Industrials and Healthcare Correct within Uptrends
The Industrials SPDR (XLI) is lagging the top three because it did not record a new high this month and the flag breakout did not hold. These are short-term issues, not long-term problems. The overall trend is up with the rising channel and broken resistance zone marking support in the 66 area.
The Consumer Discretionary SPDR (XLY) hit a new high in July and then fell sharply over the last 12 days. The June lows and a buffer mark support in the 88-88.5 area. A break here would then raise the possibility of a double top reversal.

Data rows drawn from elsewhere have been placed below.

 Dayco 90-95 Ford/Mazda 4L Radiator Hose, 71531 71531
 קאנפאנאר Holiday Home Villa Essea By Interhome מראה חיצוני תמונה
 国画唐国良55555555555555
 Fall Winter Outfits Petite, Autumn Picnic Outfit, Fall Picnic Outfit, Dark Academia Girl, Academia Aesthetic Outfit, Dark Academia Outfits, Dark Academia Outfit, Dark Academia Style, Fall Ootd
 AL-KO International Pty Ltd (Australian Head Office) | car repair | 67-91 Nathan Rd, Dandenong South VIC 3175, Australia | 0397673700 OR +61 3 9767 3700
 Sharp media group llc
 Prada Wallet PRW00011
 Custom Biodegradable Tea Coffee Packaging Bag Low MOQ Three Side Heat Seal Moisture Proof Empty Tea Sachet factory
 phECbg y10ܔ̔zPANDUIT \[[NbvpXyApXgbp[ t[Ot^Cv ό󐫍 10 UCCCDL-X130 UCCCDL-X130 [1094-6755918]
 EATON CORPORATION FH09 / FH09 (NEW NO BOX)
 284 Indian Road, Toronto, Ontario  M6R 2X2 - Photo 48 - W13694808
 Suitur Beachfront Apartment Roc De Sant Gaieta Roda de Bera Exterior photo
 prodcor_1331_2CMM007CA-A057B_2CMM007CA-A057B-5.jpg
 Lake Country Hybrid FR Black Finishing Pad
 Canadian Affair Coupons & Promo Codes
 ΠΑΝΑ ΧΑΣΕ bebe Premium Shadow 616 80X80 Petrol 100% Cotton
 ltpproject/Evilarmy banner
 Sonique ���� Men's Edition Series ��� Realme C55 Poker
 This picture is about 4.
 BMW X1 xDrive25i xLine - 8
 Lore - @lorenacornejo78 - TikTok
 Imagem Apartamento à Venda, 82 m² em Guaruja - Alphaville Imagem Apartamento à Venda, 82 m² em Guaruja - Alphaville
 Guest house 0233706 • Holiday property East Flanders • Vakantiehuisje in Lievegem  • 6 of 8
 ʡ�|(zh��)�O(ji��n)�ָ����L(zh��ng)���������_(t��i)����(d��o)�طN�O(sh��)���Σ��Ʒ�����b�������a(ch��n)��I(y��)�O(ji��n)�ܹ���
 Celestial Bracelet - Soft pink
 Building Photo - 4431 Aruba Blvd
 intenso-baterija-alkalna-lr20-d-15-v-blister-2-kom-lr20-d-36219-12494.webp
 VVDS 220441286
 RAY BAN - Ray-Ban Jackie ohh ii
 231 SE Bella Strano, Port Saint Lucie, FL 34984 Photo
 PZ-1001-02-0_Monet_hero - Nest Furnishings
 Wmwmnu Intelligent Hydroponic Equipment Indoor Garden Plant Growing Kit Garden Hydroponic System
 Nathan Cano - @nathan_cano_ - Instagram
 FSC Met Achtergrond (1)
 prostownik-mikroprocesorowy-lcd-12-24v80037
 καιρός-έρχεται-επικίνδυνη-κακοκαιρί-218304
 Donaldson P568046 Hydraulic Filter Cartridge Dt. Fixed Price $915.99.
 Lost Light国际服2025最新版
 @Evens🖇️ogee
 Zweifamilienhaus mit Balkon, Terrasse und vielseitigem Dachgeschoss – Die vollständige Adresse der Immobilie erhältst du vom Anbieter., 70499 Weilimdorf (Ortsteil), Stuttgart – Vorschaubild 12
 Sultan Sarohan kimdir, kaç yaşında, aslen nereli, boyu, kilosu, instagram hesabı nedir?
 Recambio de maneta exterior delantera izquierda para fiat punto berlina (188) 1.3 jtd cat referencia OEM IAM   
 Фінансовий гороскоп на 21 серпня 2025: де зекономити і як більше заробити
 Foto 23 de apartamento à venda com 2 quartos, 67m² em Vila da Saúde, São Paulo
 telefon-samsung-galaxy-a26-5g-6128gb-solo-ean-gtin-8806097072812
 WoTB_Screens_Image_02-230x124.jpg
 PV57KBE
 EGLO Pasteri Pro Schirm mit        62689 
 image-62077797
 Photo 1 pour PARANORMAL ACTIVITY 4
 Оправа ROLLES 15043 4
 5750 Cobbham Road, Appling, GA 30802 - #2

The HealthCare SPDR (XLV) failed to hold its wedge break and fell below the mid July high. Again, this is a short-term issue because the bigger trend is still up. The breakout zone and 50-62% retracement zone mark the next support area to watch around 76-77.
The Materials SPDR (XLB) hit a new high with a gap-surge on July 25th, but this gap did not hold as the ETF fell back below 54 this week. RSI is near 30 and the ETF is near a support zone marked by broken resistance.
Consumer Staples is the Second Weakest Sector
The Consumer Staples SPDR (XLP) is perhaps the least strong of the eight sectors that are in long-term uptrends. XLP bounced off support in early July, but peaked near the 61.8% retracement in late July and stalled the last eight days. This looks like a good spot for a downturn. Also note that breadth is weak because Staples %Above 200-day EMA (!GT200XLP) moved below 40% again.
TLT Holds Triangle Breakout
The 20+ YR T-Bond ETF (TLT) broke the triangle line last week, fell back a little and then surged over the last two days. Thus, the triangle breakout is holding and TLT remains in bull mode. The Raff Regression Channel and July lows combine to mark support in the 122 area.
The indicator window shows the TLT:SPY ratio hitting a new low in March and flattening out the last six months or so. Treasuries are not outperforming stocks though and this is still net positive for stocks. The trouble could start if/when the TLT:SPY ratio turns up and breaks out.
Gold Challenges Resistance Zone
Gold moved higher along with Treasuries this week. Overall, the Gold SPDR (GLD) remains stuck in a trading range with resistance in the 122-124 area and support in the 114-116 area. The swing within this range is clearly up with the Raff Regression Channel marking support at 119. A break below 119 would reverse this upswing.
Oil Stalls at midpoint of Range
There is no change in oil as September Crude (^CLU17) hit the midpoint of its 12-month range and stalled the last two weeks. The overall trend is down with lower lows and lowers highs extending back to early 2017. The 20% rally from the 42 area looks impressive short-term, but this rally started from a 52-week low and oil is still below its May high. Short-term, the USO Oil Fund chart (top) marks upswing support at 9.75. A break here would reverse the short-term uptrend.
Dollar Bounces as Yen Turns Up
The US Dollar ETF (UUP) got an oversold bounce last Friday and then stalled the last four days. This bounce could extend further because the Dollar is quite oversold and the Euro is quite overbought. The Yen ETF (FXY) turned up over the last three days and broke the trend line extending down from mid April. The Yen is considered a safe-haven currency and may be benefitting from the geo-political events.